SOURCE INFORMATION: Begin

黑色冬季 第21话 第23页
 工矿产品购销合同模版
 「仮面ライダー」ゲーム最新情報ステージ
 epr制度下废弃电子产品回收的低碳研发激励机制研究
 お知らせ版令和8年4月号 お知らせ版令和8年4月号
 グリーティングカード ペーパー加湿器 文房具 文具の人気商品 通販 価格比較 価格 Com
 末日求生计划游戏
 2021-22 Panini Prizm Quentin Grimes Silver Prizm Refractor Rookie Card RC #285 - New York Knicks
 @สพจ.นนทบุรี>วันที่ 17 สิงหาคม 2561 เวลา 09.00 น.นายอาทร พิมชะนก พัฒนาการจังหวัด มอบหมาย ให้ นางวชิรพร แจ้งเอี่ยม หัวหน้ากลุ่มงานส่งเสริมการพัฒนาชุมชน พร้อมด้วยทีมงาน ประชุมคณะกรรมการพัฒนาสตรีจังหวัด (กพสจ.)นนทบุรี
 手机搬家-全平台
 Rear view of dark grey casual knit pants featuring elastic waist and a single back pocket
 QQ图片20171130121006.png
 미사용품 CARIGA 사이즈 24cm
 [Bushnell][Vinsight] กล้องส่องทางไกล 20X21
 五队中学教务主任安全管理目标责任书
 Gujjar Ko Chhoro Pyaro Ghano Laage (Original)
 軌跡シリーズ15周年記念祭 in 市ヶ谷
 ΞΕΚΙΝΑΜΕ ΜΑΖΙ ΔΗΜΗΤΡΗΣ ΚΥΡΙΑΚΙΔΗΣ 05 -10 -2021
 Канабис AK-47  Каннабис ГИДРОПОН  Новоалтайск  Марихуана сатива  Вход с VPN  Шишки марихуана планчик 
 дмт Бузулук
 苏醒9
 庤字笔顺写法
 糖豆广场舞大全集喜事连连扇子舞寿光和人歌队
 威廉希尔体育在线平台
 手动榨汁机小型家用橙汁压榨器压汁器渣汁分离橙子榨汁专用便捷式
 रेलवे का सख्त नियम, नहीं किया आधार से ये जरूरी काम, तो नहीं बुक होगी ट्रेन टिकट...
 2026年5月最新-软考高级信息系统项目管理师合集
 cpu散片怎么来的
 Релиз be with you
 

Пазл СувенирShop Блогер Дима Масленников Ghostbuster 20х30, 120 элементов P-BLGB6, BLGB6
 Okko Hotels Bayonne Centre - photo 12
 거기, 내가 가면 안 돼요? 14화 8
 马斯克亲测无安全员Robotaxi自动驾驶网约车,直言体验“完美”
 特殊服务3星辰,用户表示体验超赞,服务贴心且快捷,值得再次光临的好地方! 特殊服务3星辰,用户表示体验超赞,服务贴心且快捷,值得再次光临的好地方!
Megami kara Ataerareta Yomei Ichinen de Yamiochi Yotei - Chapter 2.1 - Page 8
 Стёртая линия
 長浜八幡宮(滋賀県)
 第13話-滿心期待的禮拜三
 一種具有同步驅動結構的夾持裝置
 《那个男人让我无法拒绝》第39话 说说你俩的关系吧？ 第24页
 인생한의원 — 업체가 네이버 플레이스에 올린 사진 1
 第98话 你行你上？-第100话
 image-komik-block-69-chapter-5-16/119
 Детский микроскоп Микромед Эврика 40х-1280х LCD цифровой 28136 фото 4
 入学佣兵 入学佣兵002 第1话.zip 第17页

SOURCE INFORMATION: End

WORK REQUIRED:
Restate exactly, and only, every line from the one that contains "Релиз be with you" through the last line of the records.

TASK ANSWER:
 Релиз be with you
 

Пазл СувенирShop Блогер Дима Масленников Ghostbuster 20х30, 120 элементов P-BLGB6, BLGB6
 Okko Hotels Bayonne Centre - photo 12
 거기, 내가 가면 안 돼요? 14화 8
 马斯克亲测无安全员Robotaxi自动驾驶网约车,直言体验“完美”
 特殊服务3星辰,用户表示体验超赞,服务贴心且快捷,值得再次光临的好地方! 特殊服务3星辰,用户表示体验超赞,服务贴心且快捷,值得再次光临的好地方!
Megami kara Ataerareta Yomei Ichinen de Yamiochi Yotei - Chapter 2.1 - Page 8
 Стёртая линия
 長浜八幡宮(滋賀県)
 第13話-滿心期待的禮拜三
 一種具有同步驅動結構的夾持裝置
 《那个男人让我无法拒绝》第39话 说说你俩的关系吧？ 第24页
 인생한의원 — 업체가 네이버 플레이스에 올린 사진 1
 第98话 你行你上？-第100话
 image-komik-block-69-chapter-5-16/119
 Детский микроскоп Микромед Эврика 40х-1280х LCD цифровой 28136 фото 4
 入学佣兵 入学佣兵002 第1话.zip 第17页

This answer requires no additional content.